Content starts
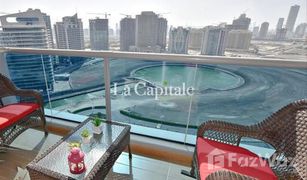 2 Bedrooms Apartment for sale in Champions Towers, Dubai Elite Sports Residence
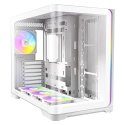 Antec 0-761345-10226-1 arvutikorpus Midi Tower Valge Antec 0-761345-10226-1 arvutikorpus Midi Tower Valge
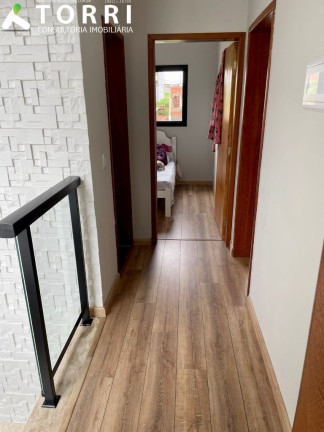 Imagem Imóvel com 3 Quartos à Venda, 160 m² em Horto Florestal - Sorocaba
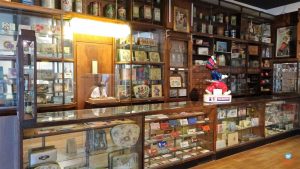 Museu do Chocolate Colônia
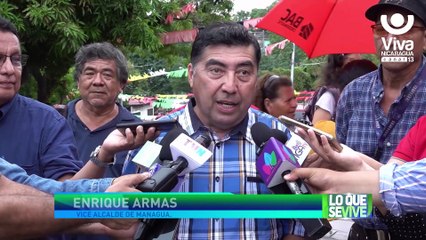 Barrio Camilo Ortega cuenta con más calles de concreto hidráulico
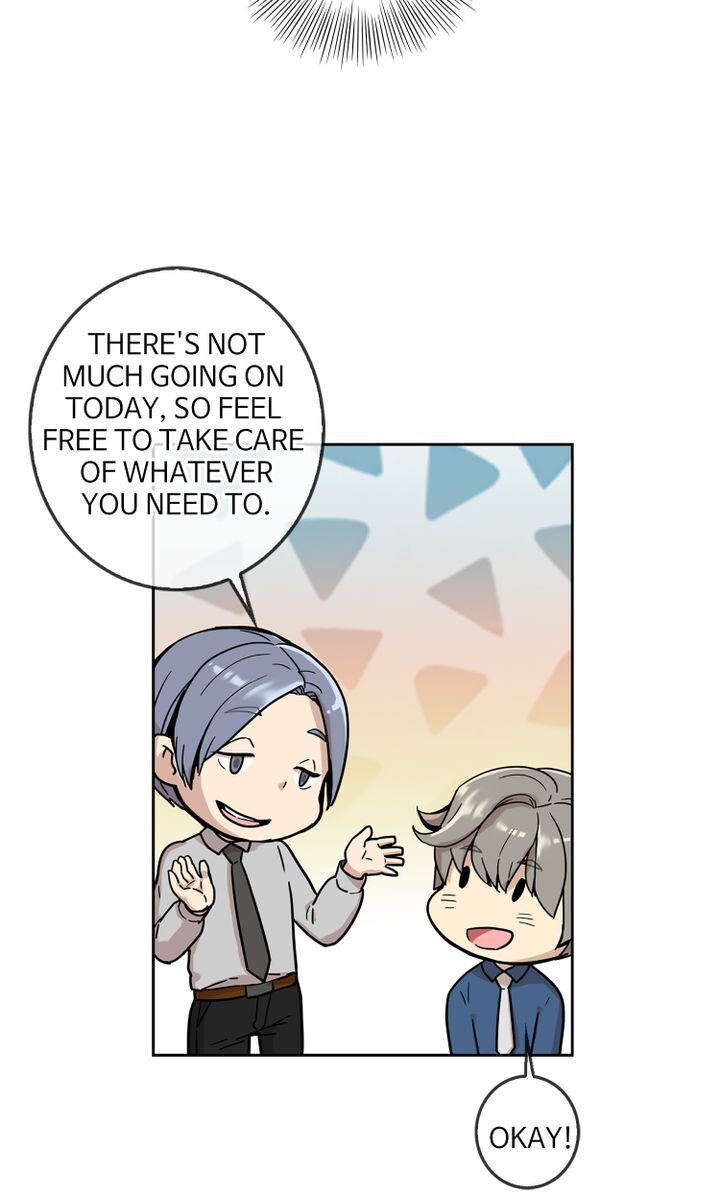Read Three’s a Crowd chapter 15 image 12 on Lezhin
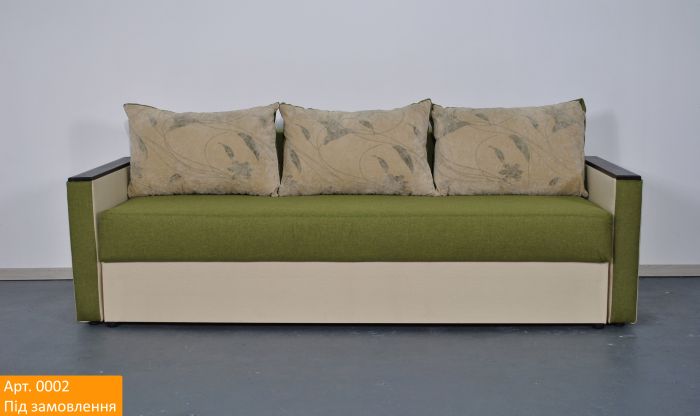 Диван Роял 2 - 101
Content ends
**Assigned task**
Please write out exactly the lines from the one containing "Read Three’s a" through the last line of the records above, and leave out any pictures.

**Solution**
Read Three’s a Crowd chapter 15 image 12 on Lezhin
 Диван Роял 2 - 101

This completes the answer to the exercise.